While Iran’s insistence on its demands has cast doubts on a quick revival of the 2015 deal, the country’s nuclear chief spoke of building more nuclear energy plants.
Addressing a conference on the exchange of modern energy technologies on Tuesday, the head of the Atomic Energy Organization of Iran (AEOI) said Tehran pursues the “open door policy” and seeks to become a hub for designing and building nuclear power plants.
Mohammad Eslami added that “We intend to provide various services in the field of nuclear technology, including the development of nuclear power plants and nuclear power generation,” the he said, claiming that the country plans to convert 20 percent of its energy portfolio into nuclear power.
Eslami had earlier said that Iran plans to invest $50 billion for building new nuclear power plants, noting that the new power plants will be able to generate 10,000 megawatts of electricity, still far from the country’s total need.
For decades, Iran has neglected investment in other sources of power, especially renewables, making it almost impossible to bounce back in the foreseeable future, considering its isolation in the global community.

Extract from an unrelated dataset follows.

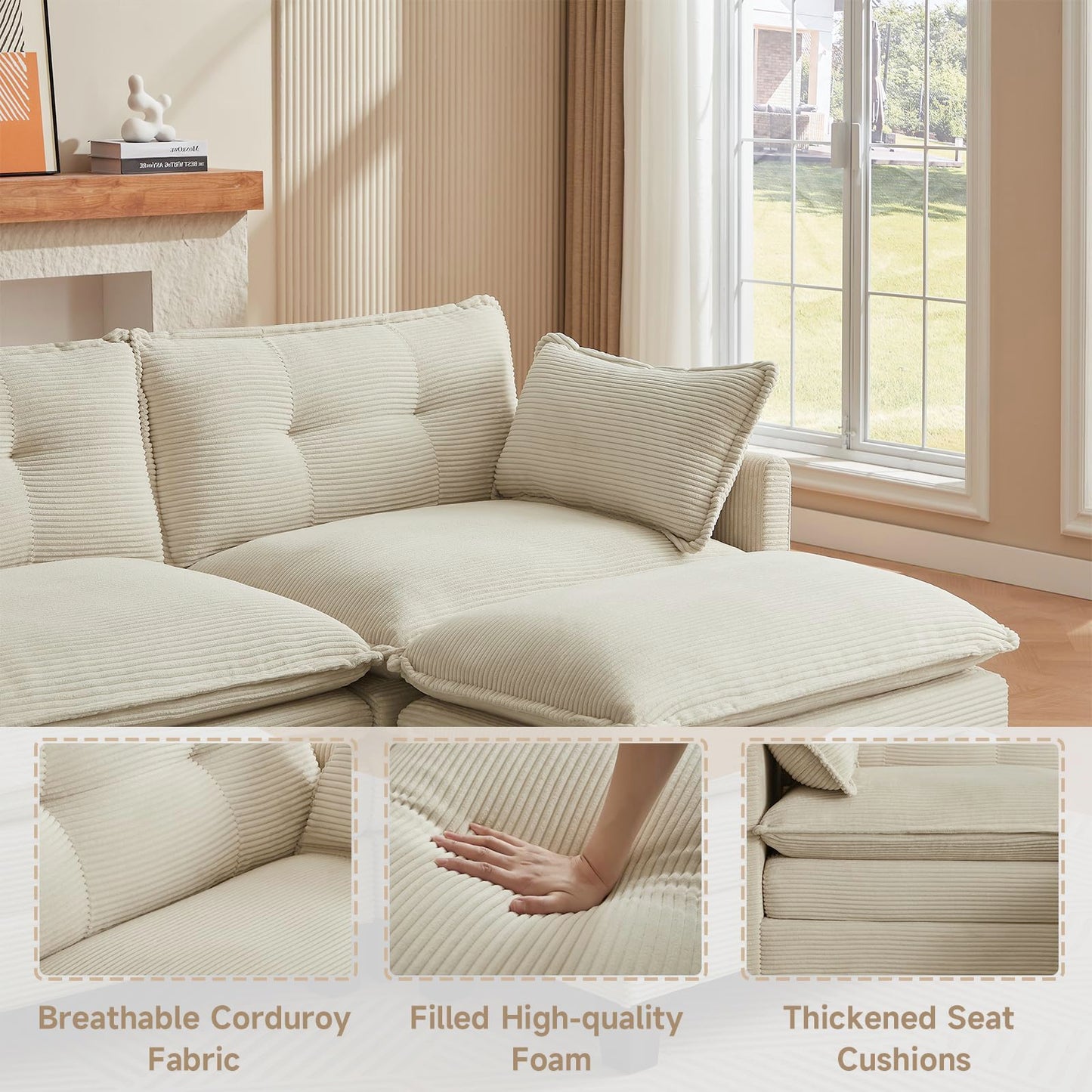 Amsleekey Modular Sectional Sofa, 111.5" U-Shaped Corduroy Comfy Sectional Couches for Living Room, 3-Seater Cloud Couches with 2 Movable Ottomans, Flexible Combination Modern Deep Seat Sofa (Beige)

Currently Russia is the only country cooperating with Iran in the nuclear industry.
Commissioned by Russia in 2011, Iran's Bushehr power plant has one operational unit that generates 1,000 megawatts, providing less than two percent of the country’s electricity. In July. Eslami said construction projects for phase two and three of the Bushehr Nuclear Power Plant have accelerated since a few months ago.
Russia says it received the needed assurances from the United States that sanctions for its invasion of Ukraine should not impact implementation of a revived nuclear deal, the JCPOA. If finalized, the renewed deal lets Russia cash in on a $10-billion contract to build atomic reactors in Iran.